When the government is non-discriminative and dull,
The people are contented and generous.
When the government is searching and discriminative,
The people are disappointed and contentious.
Calamity is that which upon happiness depends;
Happiness is that in which calamity is latent.
Who knows when the limit will be reached?
There is no correctness? (used to govern the world)
Then the correct becomes the perverse
And the good will again become evil.
The people have been deluded for a long time.
Therefore the sage is as pointed as a square but does not pierce.
He is as acute as a knife but does not cut.
He is as straight as an unbent line but does not extend.
He is as bright as light but does not dazzle.

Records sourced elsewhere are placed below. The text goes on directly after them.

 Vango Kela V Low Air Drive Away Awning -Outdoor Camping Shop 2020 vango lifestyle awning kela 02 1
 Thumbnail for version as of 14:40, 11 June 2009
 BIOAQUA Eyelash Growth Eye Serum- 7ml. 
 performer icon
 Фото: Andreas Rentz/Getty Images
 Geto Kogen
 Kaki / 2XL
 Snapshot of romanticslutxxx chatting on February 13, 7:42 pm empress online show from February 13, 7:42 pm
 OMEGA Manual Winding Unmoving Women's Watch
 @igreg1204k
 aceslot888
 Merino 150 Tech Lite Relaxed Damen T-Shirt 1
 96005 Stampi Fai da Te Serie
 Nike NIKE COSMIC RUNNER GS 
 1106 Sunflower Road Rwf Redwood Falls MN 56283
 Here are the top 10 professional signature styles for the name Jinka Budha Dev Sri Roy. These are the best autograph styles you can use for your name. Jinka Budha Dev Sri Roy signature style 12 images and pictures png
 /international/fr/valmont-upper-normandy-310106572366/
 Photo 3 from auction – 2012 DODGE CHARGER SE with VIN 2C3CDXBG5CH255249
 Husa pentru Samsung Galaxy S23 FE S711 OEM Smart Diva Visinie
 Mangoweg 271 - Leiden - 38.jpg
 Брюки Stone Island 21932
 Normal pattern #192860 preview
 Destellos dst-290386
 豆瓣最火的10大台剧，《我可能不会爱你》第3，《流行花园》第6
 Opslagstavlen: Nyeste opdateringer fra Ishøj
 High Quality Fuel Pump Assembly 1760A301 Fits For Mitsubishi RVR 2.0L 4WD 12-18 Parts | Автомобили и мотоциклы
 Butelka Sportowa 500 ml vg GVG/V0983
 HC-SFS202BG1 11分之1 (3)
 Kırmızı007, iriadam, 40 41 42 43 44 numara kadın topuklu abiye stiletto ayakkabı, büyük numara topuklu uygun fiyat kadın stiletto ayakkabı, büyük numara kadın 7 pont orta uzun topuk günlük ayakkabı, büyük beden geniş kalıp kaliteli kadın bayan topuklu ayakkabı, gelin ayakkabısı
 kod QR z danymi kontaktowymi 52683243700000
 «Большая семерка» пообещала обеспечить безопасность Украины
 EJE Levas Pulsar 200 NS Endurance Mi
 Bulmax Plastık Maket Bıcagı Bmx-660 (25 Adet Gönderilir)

Which would make you feel better? Let's say that your office has a troubled person in it. Someone who is disruptive, abrasive, and doesn't do their work. It's starting to become a problem. Now, your managers have to act. They need to change this person's behavior. They try and they fail, so they find a way to get rid of him.

So far, so good. Now, if they keep operating in this high security, questioning and doubting fashion afterward, do you feel better? It was necessary to solve the problem of the troublemaker. But now that everyone else is fine, the behavior seems scary and invasive and that doesn't help anyone.

That's sort of what Lao Tzu is saying with the beginning, though honestly, the true Taoistic way to handle it would be to continue to do nothing and manage that person as best you can until it's time to renew their contract. Then exercise wu-wei by simply not doing that

Also, reversion makes an appearance here once again. I like the question about correctness. Having an ideology with a fixed good and bad simply means that those who disagree with your ideology have an easy list of things that they can, in turn, label bad. Look at the Democrats and the Republicans in US politics. Perfect example.

Don't rule with ideology. Rule with hsüan-te.